Ho sempre avuto un sospetto, abituato andreottianamente a ritenere che a pensare male si faccia peccato ma s’indovini. È il sospetto che Furio, anche a costo di sorprendere Gianni Agnelli, di cui era stato in qualche modo l’ambasciatore negli Stati Uniti, più ancora che il giornalista, avesse varcato il Rubicone del comunismo o post-comunismo italiano per antipatia verso Silvio Berlusconi. Che lo aveva sorpassato nelle sorprese – con tutti i mezzi e le ambizioni che aveva – improvvisando fra il 1993 e il 1994 un partito, candidandosi a presidente del Consiglio sulle macerie giudiziarie della cosiddetta prima Repubblica e vincendo le elezioni.
L’”avvocato”, come tutti chiamavamo Gianni Agnelli, compreso Berlusconi, che in più ne aveva una foto su uno dei suoi comodini, sorrise un po’ dell’avventura berlusconiana. Diceva agli amici che dei successi di Berlusconi avrebbero potuto beneficiarne anche loro, in grado tuttavia di potersi sentire estranei a un suo insuccesso. Furio invece no. Pensava che Berlusconi fosse agli antipodi del suo mondo, del suo stile, delle sue abitudini, della sua cultura.
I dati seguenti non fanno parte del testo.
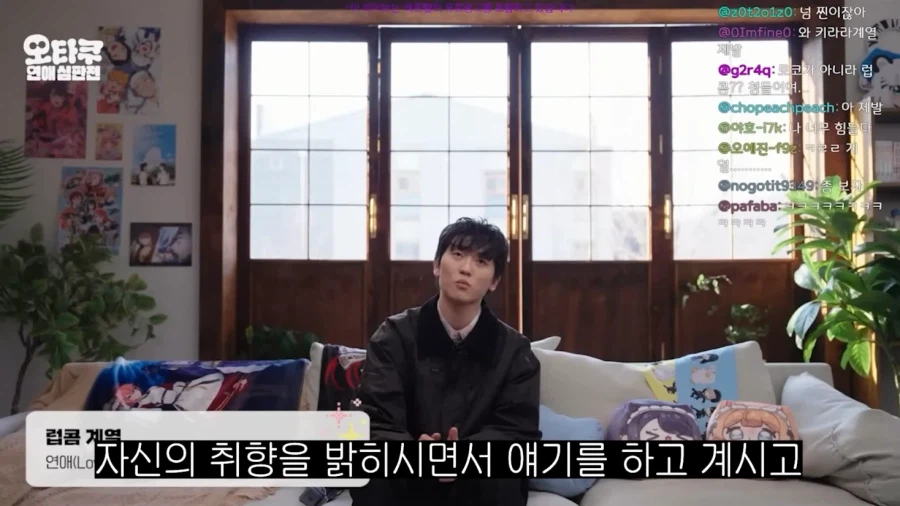 굉장히 표준 오타쿠라는_10.webp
Cercare di fargli cambiare idea era semplicemente impossibile.
Sul piano o sulla strada dell’antiberlusconismo Furio scavalcò i suoi ormai compagni di partito dirigendo radicalmente anche la mitica Unità dell’ormai defunto Pci, tornata nelle edicole dopo un primo fallimento, e poi partecipando con Antonio Padellaro, che l’aveva sostituito alla direzione di quel giornale, alla fondazione del Fatto Quotidiano ora diretto da Marco Travaglio. Che due anni fa però egli decise di lasciare clamorosamente, contestando il troppo antiamericanismo da lui avvertito nel trattare, per esempio, la guerra di aggressione della Russia di Putin all’Ucraina difesa appunto dagli Stati Uniti e dai loro alleati, compresa l’Italia di Mario Draghi prima e di Giorgia Meloni poi.
La notizia della morte di Furio Colombo mi ha davvero rattristato. Mi era rimasto simpatico pur nelle sue sorprese non sempre condivise, a dir poco. È sempre continuata a piacermi la sua cultura, alla fine impostasi anche su di lui di fronte alla tragedia ucraina e ai suoi derivati. Ho sempre pensato negli anni della sua militanza nell’area del comunismo o post-comunismo che essa fosse un lusso esagerato, non so se più per lui o per quella parte politica. Eppure osai una volta, da direttore del Giorno, ben prima che lui mi sorprendesse politicamente, di insidiargli il ruolo che aveva negli Stati Uniti di ambasciatore della cultura italiana, oltre che della Fiat. Tentai di assumere Piero Orsellino come corrispondente del giornale e dello stesso editore di allora, l’Eni, in America. Non ci riuscii, ma per poco.